Apart from being a fan of John’s work, the loss of his job is symbolic of the end of an era. In the past seven years, more than half of all arts journalism jobs have been eliminated in American newsrooms. It’s fine to say that 300,000 arts blogs now compete for attention online (according to Technorati). And there’s something great about the opening up of public discourse about the arts that the digital world has wrought. In some ways we live in a richer ecosystem of engagement with the arts.
And yet, by a significant measure, the erosion of commitment to covering the arts in traditional newspapers says something about where we are culturally right now. Institutions signify their support by where they choose to put their resources. And the inescapable truth is that these institutions (newspapers) for the most part don’t support the arts.
“Support the arts.” That sounds strange applied to newspapers. Newspapers say they’re supposed to be objective. I don’t mean “support” in the sense of boosting or advocating for them. I mean support in the sense of pay attention to. There’s no conspiracy against the arts here; the business decisions made by the Star and so many newspapers is that there simply isn’t an audience for what the newspapers have traditionally offered as coverage of the arts. These decisions are business decisions, and in a world of shrinking resources, newspapers – like any other business – triage.
I was once a full time classical music critic. The newspaper I was a full-time critic for – the Seattle Post-Intelligencer – no longer exists. There’s only one full-time dance critic left in the United States. Only one full-time visual art critic at a US alt-weekly. My town – Seattle – doesn’t have a full-time classical music critic, and many music events pass without any critical mention at all.

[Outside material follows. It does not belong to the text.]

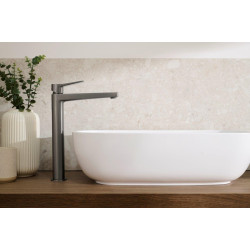 Baterie pentru lavoar KFA Armatura Malaga 4522-712-61 (Gun Metal Grey) Thumb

On one level you can say it doesn’t matter. People still go to concerts. Tickets are still selling. And then there are those blogs.

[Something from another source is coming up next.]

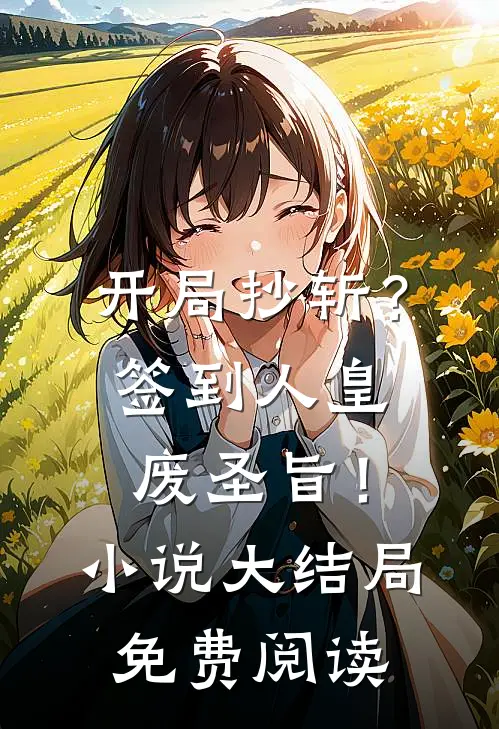 开局抄斩？签到人皇废圣旨！小说大结局免费阅读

And yet, the market seems to have declared that arts criticism as a profession, as a calling, isn’t supportable, isn’t sustainable, isn’t legitimate. I find that sad. We could go on about what was lacking or what didn’t work in the way we covered the arts. But the cold hard truth is that there just isn’t an audience for what we were doing. We can lament it. Or we can figure out whether there’s a better way to do it and move on.
Justin Saragoza says
Ultimately it became a question of money, free music downloads, and the erosion of copyrights paradigm. The value placed upon art has diminished across the board, not just in newspaper criticism. How did it happen? No one probably has the answer but it’s telling that it has occurred on the baby boomer watch. A generation that in some ways has tried to rewrite value, tradition, and art itself. A greater focus by this generation on popular and rock music has been the norm. And for some reason, this generation, of which I am a member, has abandoned what is culturally seen as a continuum by those that lament classical musics fade from importance, and has been replaced with rock music as the natural evolution of a long musical history. Education, can’t fix it – that has been tried. New works can’t fix it – that has been tried. Crossover can’t fix it – that has been tried too. All that remains is to hope that our grand children look to see what makes, not made, humanity great in the minds of true musical genius whenever it appears in their life time.
Robert Everett-Green says
I hate to disrupt this occasion for Spenglerian hand-wringing, but John Terauds was not, as you imply, the last of an unbroken line of full-time classical music critics at The Toronto Star. Before John moved to the Entertainment pages from the automotive section, his predecessor, William Littler, spent three decades dividing his time between classical music and dance. I spent a few of those years covering the same split beat across town at The Globe and Mail. Neither of us suspected that our part-time involvement in music criticism did not amount to a “legitimate job.”
So The Star went from 34 years of having a part-time classical critic, to 6 years of full-time coverage by John Terauds, to – what? Do you know? Did you even try to find out?
You claim that “music criticism as a legitimate job in Canada” is now over, yet I am at this moment a full-time music critic at The Globe and Mail, aka Canada’s National Newspaper. But I don’t count in your assessment, because I write about classical and other kinds of music. The Globe maintains freelance classical critics in Montreal, Ottawa, Toronto and Vancouver, to cover events I can’t get to, but by your measure, their employment isn’t legitimate either.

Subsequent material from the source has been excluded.